INSTRUCTIONS FOR THE TASK:
Could you give the data that follows again exactly, without its pictures?

DATASET SECTION:
··········

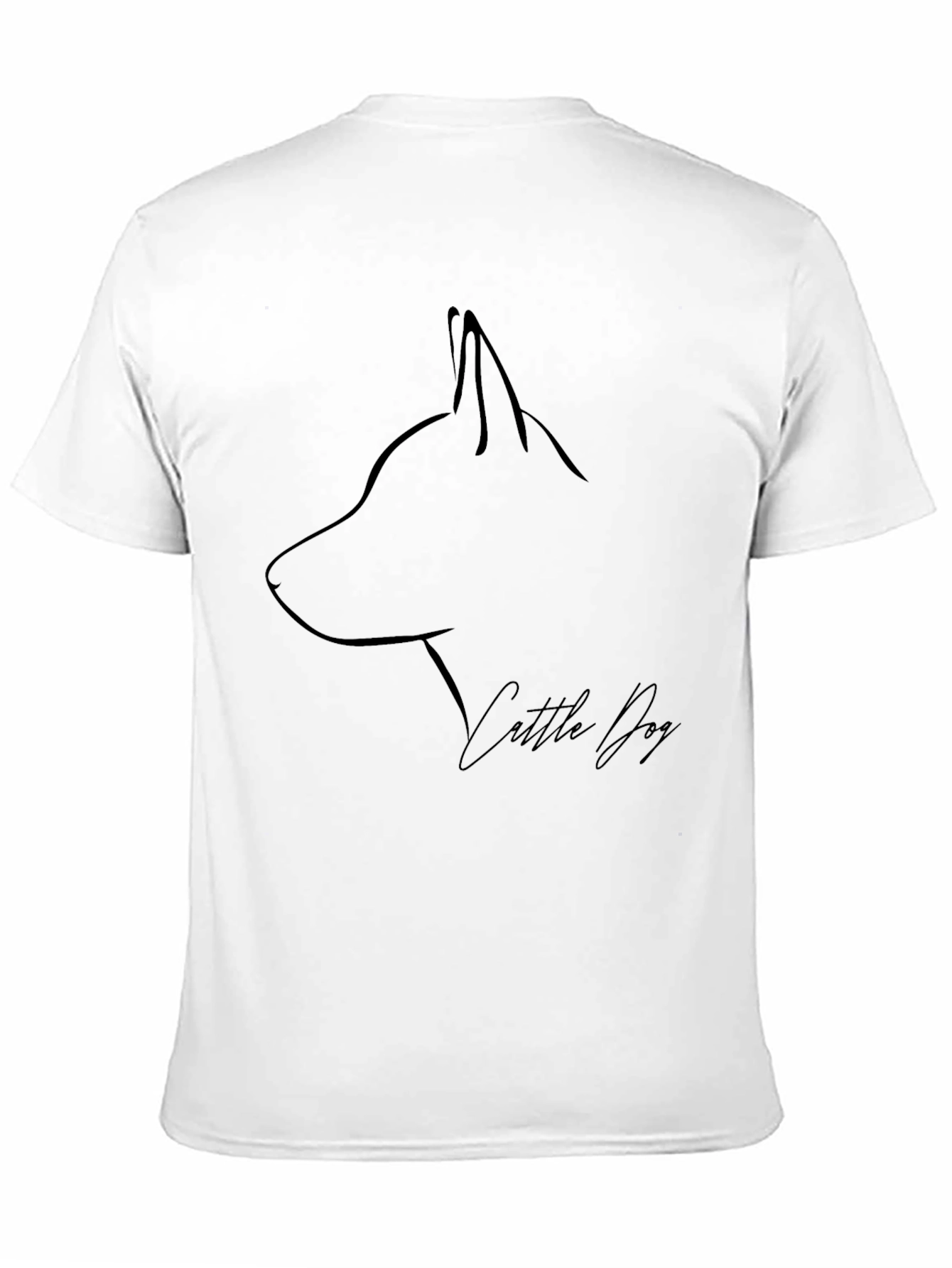 Minimalist Cattle Dog Graphic Tee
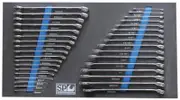 SP Tools SP50018 - EVA Tray - 34 Piece - Metric/SAE Ring Open End Spanners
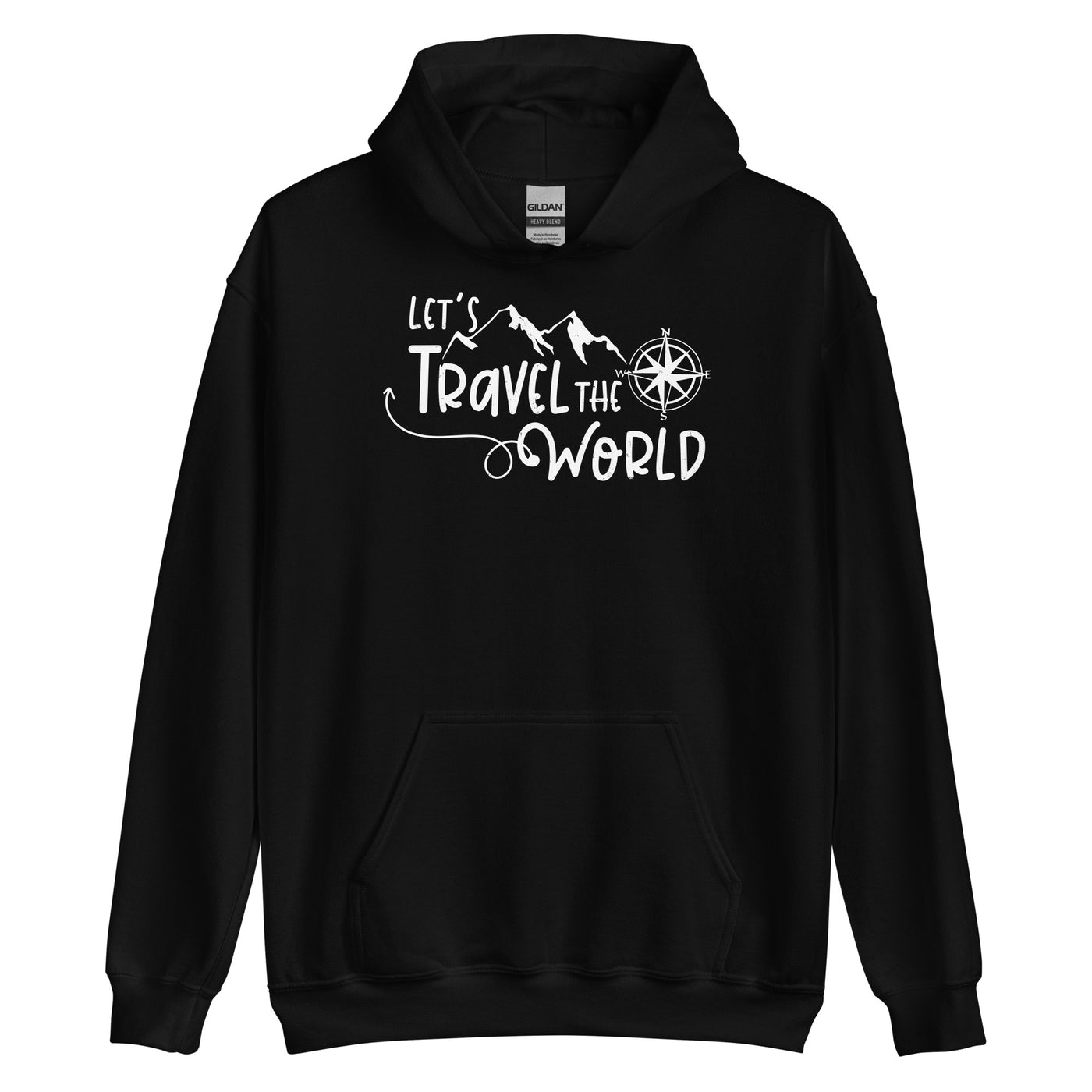 Lets travel the world - Unisex Hoodie camping wandern xxx yyy zzz Black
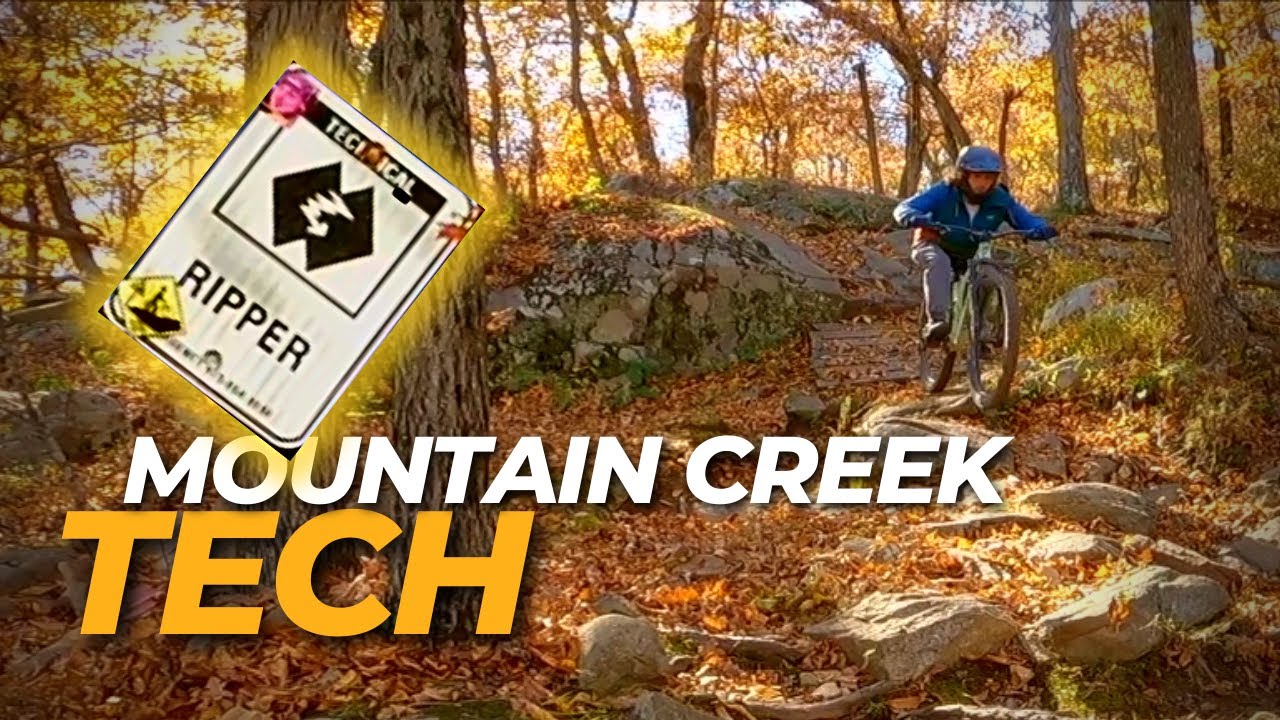 There's NO Easy Way Down! | All The Tech Trails at Mountain Creek Bike Park!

··········

SOLUTION FOR THIS PROBLEM:
 Minimalist Cattle Dog Graphic Tee
 SP Tools SP50018 - EVA Tray - 34 Piece - Metric/SAE Ring Open End Spanners
 Lets travel the world - Unisex Hoodie camping wandern xxx yyy zzz Black
 There's NO Easy Way Down! | All The Tech Trails at Mountain Creek Bike Park!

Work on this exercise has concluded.